_GIVEN MATERIAL_.
====================
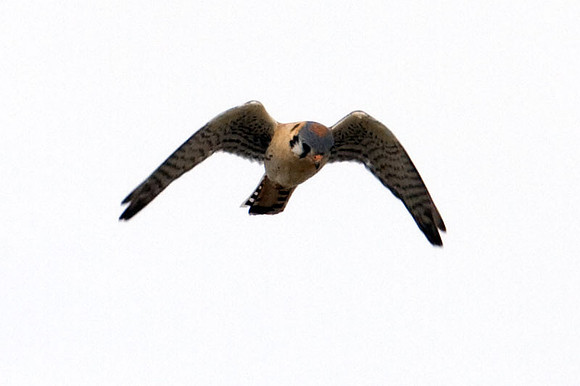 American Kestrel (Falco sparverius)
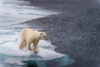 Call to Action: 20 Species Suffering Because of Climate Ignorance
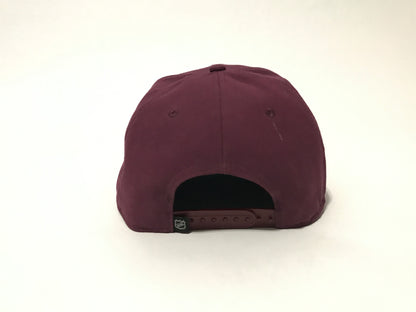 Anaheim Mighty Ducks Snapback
====================
_TASK TO COMPLETE_. Give every line above again exactly, with no pictures.

_EXERCISE SOLUTION_.
 American Kestrel (Falco sparverius)
 Call to Action: 20 Species Suffering Because of Climate Ignorance
 Anaheim Mighty Ducks Snapback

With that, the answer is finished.